После разочарований и неудач 1958 года Эйзенхауэр восстановил силы, взял в руки покрепче руль управления и повел свою страну, как хороший управляющий имением, у которого развито чутье на все случаи жизни. Вскоре ведущие обозреватели газет заговорили о "новом" Эйзенхауэре как о человеке, утверждающем себя с большей силой, чем когда-либо раньше.
"Новый" Эйзенхауэр был более дружественно расположен к Советам, более готов смотреть на проблемы с их точки зрения, более настроен идти на некоторый риск, чтобы сделать первый шаг на пути к запрещению испытаний, более склонен рассмотреть вопрос о проведении встречи в верхах, чем прежде. Некоторые обозреватели связывали такую перемену с отсутствием Фостера Даллеса, но это была в лучшем случае лишь часть правды. Дело в том, что к февралю 1959 года, когда Даллес взял отпуск за свой счет, одновременно сошлись несколько факторов, которые подталкивали Эйзенхауэра к проведению встречи на высшем уровне и к некоторой форме компромисса с Советами.
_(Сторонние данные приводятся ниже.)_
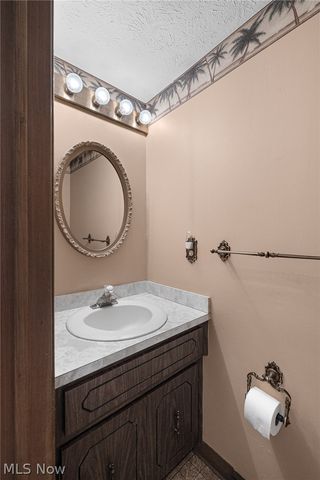 14826 Stone Creek Oval, Strongsville, OH 44149
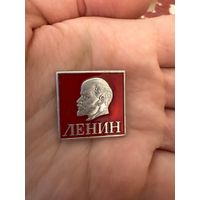 Ленин значок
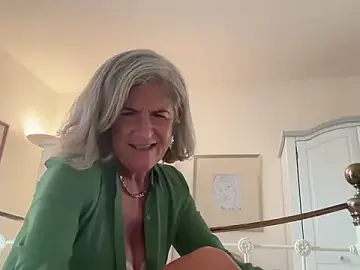 Stripchat Sex Cam of NaughtyMonicaUK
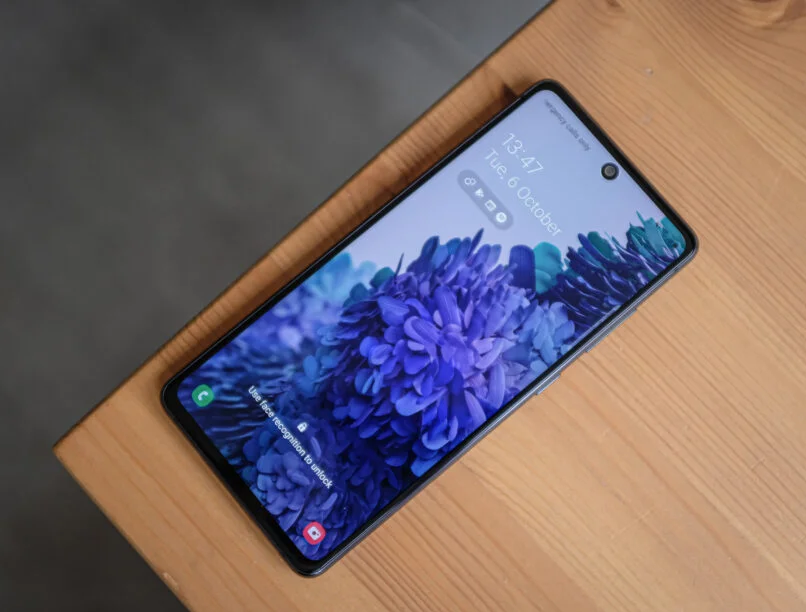 Samsung Galaxy S20 FE vs. Google Pixel 4a 5G: Which should you buy?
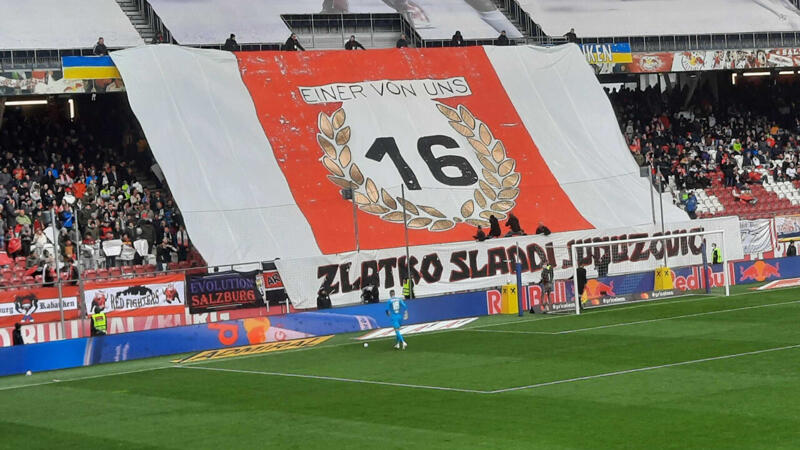 Salzburg-Fans feiern <a href='/de/daten/news/zlatko-junuzovic/' class='tag'>Zlatko Junuzovic</a>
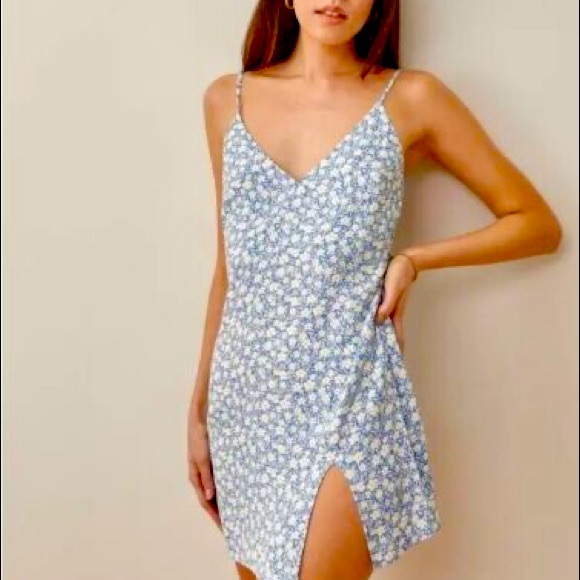 Discontinued NWT | Reformation Blue/White Mini 🌸 - Picture 1 of 3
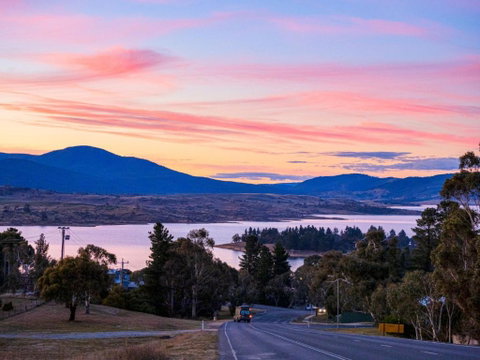Razorback 4 - Sunshine Coast Guide 1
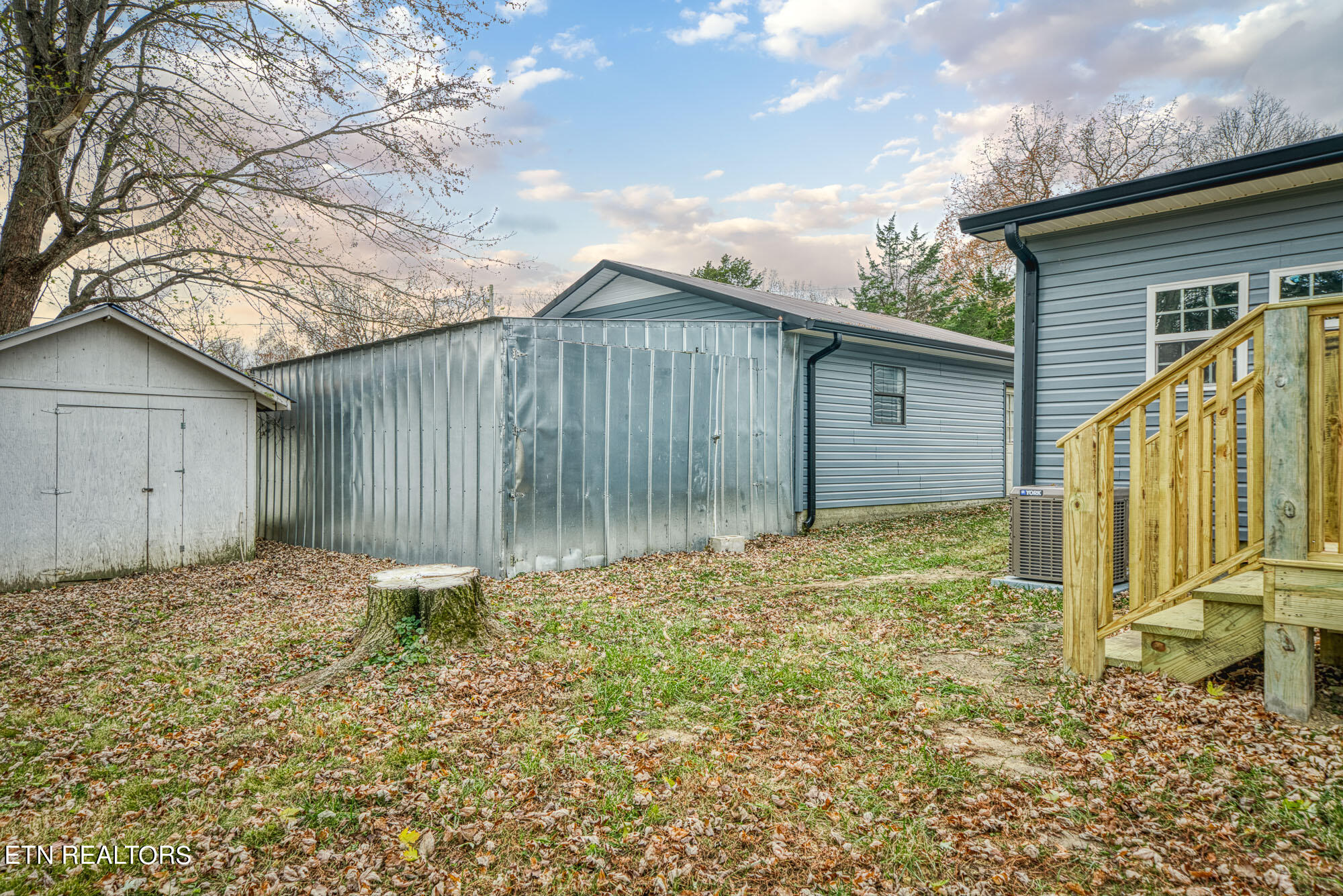 1670 White Rd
Прежде всего, он учитывал, что 4 ноября 1958 года — день его последних выборов уже прошел. День следующих выборов будет днем Никсона. Это ставило Никсона в щекотливое положение — быть одновременно лояльным членом Администрации, послушным исполнителем и человеком, имеющим собственную позицию. Однако и Эйзенхауэр испытывал некоторое беспокойство, представив себе, что через два года ему придется передать президентство Никсону или — еще хуже — демократам. В случае победы оппозиции, считал Эйзенхауэр, начнется оргия растрат на оборону и социальные программы, сопровождаемая снижением налогов, — перспектива, которая ему внушала ужас.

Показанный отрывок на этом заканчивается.